Among those who urged local authority officials to be “ambitious and brave” with the site was Independent Cllr Gerry Warnock.
He said following the recent acquisition by cinema giant Omniplex to purchase one half of the so-called ‘Northern Quarter’ in the form of Longford’s still vacant shopping centre, the opportunity for further large scale investment was abundantly obvious.
Terming the former home of the town’s 4th Cavalry Squadron as a “hot strategic site”, Cllr Warnock said: “I think it’s a blessing in disguise that we (Council) still have control of that very important site.”
Like a previous discussion aired just moments earlier concerning the Council’s plans to regenerate the wider Ballyminion area, Cllr Warnock said there were plenty of avenues in terms of potentially lucrative European funding streams at its disposal.
“I think we should look at developing a masterplan for the site and try and tap into the likes of Horizon 2020 (funding).
“I thoroughly believe we need to be ambitious and brave and we need to go for a big bang project.
“The likes of the €200,000s and €500,000s in funding are great and very welcome but I believe we need to be going for the €15m’s and €20m’s because we have the talent in house to go after that,” he added.

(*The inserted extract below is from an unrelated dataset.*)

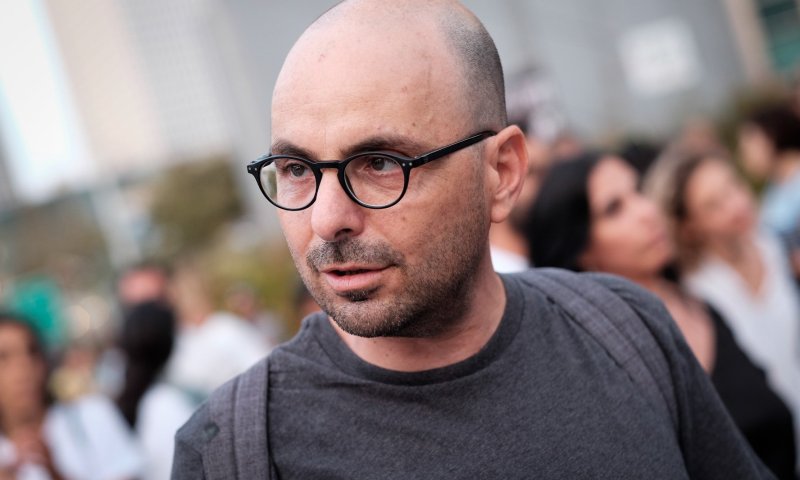 לזה הוא לא ציפה: אלדד יניב תקף חברת כנסת וחטף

They were tendencies which were greeted with warm appraisal by Head of Finance John McKeon.
He confirmed the Council were eyeing the possibility of drawing up a specific blueprint for the barracks and remained fully committed to exacting the ‘big bang’ project alluded to by Cllr Warnock over the short to medium term.
There were other suggestions too, most notably from Cllr John Browne to relocate a substantial chunk of Longford County Council’s administrative core to that end of town.
The veteran Fine Gael campaigner also advised the Council to mull over the prospect of developing a “modern retirement village” on the near 13 acre site.
His party running mate, Cllr Peggy Nolan appeared to endorse those soundings as she implored the Council to approach the likes of the Sue Ryder Foundation over the possibility.
Fianna Fáíl Cllr Joe Flaherty was keen to downplay any murmurings linked to providing sheltered accommodation on such a key, strategic site as Connolly Barracks.
Instead, he showered praise on the concept of compiling a detailed plan for the barracks, but said its success would rely heavily on “private sector buy in”.
In citing a number of recent business closures to hit the town, most recently Main Street’s Durkin’s Jewellers, the Fianna Fáíl general election candidate said a more viable prospect in the long term was for the barracks to adopt a more tourism based appeal.